Recession@ (Adds further quotes, context)

WASHINGTON, May 10 (Reuters) - The wealth of middle-class families still has not recovered from the 2007 to 2009 economic crisis, with a lagging rebound in home equity and slow wage growth continuing to widen inequality through most of last year, Fed Governor Lael Brainard said on Friday in a snapshot of soon-to-be-released Fed data.

Brainard, in a broad discussion of the middle class's economic prospects, said the Fed is increasingly concerned about the economic impact if middle-income households continue to struggle in their ability to build wealth, finance homes and educations, and even stay current with their bills.

Families in the 40th to 70th percentiles held wealth of around $340,000 at the end of 2018, based on a new Fed study whose results Brainard discussed at a Fed research conference in Washington. This was below the levels before the crisis and 13 times less than the average $4.5 million held by the top 10 percent.

"A strong middle class is often seen as a cornerstone of a vibrant economy and, beyond that, a resilient democracy," Brainard said. "The discrepancy between slow growth in income and wealth, on the one hand, and rising costs of housing, healthcare, and education, on the other, may be making it more difficult for middle-income families to achieve middle-class financial security."

Over time "the shifting of wealth and income to the top of the distribution and away from the middle could pose challenges to the health and resilience of our economy," she said.

The prospects of the middle class - those earning between $40,000 and $85,000 a year by Brainard's definition - have fueled debate ahead of the 2020 presidential race about issues like the high level of student debt and the cost and availability of health insurance.

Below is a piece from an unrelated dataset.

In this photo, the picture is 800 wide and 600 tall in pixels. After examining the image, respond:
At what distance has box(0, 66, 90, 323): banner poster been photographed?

While that is all beyond the Fed's authority, as are questions of taxation and issues involving income distribution, Brainard said the Fed still needs to understand dynamics that could, for example, slow consumption.

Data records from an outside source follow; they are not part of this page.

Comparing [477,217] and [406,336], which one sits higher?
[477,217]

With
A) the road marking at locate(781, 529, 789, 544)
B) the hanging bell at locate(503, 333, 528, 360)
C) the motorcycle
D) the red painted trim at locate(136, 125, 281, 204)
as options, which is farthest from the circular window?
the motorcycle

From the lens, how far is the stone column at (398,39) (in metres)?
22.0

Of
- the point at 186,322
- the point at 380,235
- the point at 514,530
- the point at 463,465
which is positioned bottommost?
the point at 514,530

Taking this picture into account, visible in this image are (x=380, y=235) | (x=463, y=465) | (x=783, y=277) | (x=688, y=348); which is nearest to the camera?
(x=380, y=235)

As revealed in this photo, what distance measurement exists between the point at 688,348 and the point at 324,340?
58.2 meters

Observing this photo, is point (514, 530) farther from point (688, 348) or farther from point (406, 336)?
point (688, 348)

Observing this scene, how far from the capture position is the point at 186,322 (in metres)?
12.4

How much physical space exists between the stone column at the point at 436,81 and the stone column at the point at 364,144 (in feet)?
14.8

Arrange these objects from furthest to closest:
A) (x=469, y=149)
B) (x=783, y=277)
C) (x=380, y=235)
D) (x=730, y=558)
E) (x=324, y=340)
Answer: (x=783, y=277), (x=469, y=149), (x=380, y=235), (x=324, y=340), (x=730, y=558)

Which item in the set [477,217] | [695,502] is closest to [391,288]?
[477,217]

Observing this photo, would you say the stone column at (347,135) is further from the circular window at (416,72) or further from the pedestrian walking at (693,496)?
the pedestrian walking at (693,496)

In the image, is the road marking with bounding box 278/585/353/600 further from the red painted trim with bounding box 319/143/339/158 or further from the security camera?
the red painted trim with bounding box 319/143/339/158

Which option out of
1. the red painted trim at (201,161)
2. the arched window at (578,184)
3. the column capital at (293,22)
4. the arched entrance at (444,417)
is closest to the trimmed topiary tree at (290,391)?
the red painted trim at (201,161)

"There is a palpable sense that the opportunity to reach the middle class and remain in it is receding for many middle-income households," she said, noting recent Fed surveys that found 60 percent of middle-income families don't have enough savings to cover three months of expenses, leaving them financially vulnerable to a layoff or other economic shock. (Reporting by Howard Schneider Editing by Chizu Nomiyama and Jonathan Oatis)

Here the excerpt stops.